=== Data for analysis ===

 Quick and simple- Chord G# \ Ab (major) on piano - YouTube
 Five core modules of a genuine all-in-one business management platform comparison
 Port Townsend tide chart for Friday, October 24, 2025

===
=== Data for analysis ===

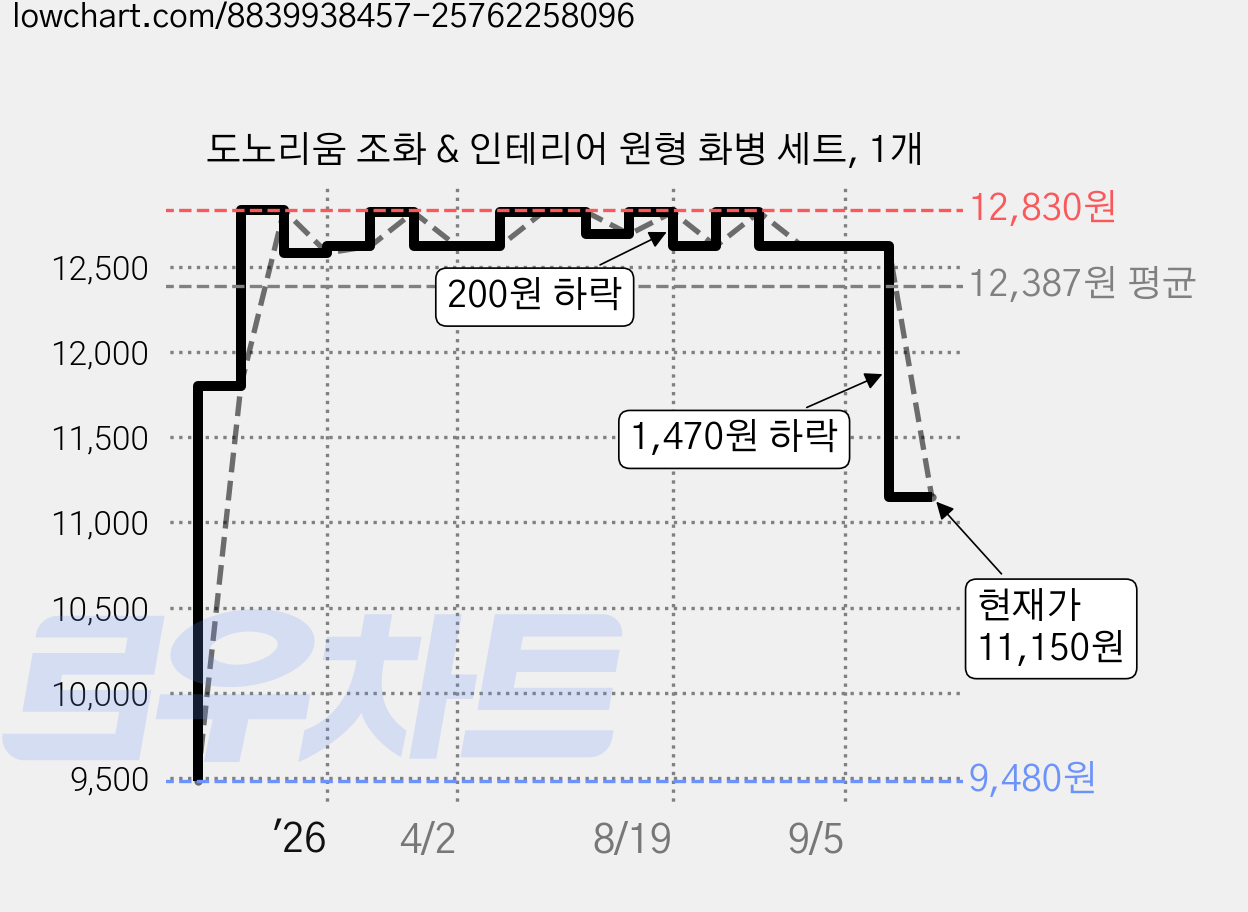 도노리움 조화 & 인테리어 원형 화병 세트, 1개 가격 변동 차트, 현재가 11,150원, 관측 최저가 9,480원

===
=== Data for analysis ===

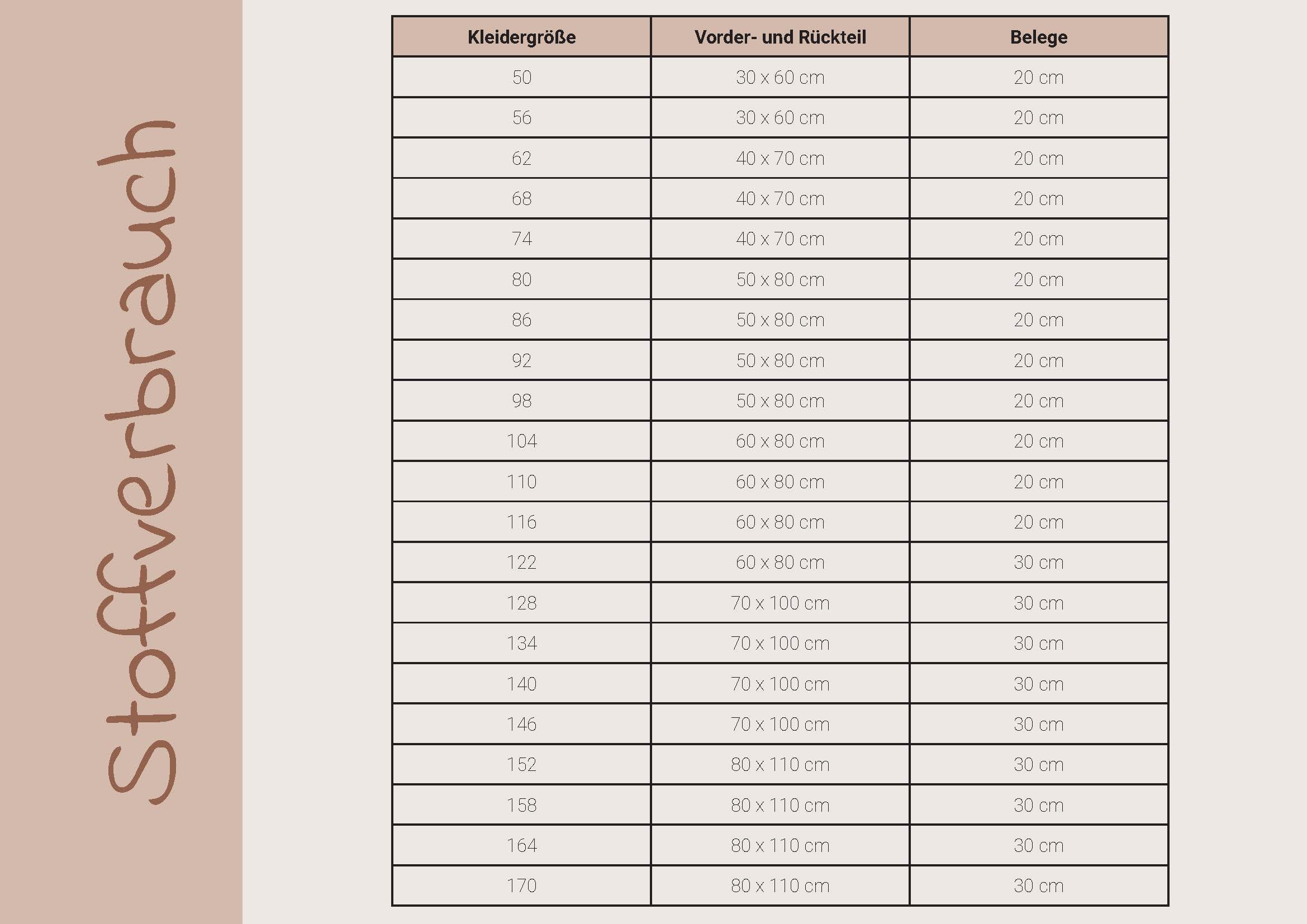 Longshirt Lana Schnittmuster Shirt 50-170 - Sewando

===

Exercise prompt:
Within the listing above, extract exactly the lines from the line with "Five core modules" to the line with "Port Townsend tide", the two named lines included, and no others.

Written answer:
 Five core modules of a genuine all-in-one business management platform comparison
 Port Townsend tide chart for Friday, October 24, 2025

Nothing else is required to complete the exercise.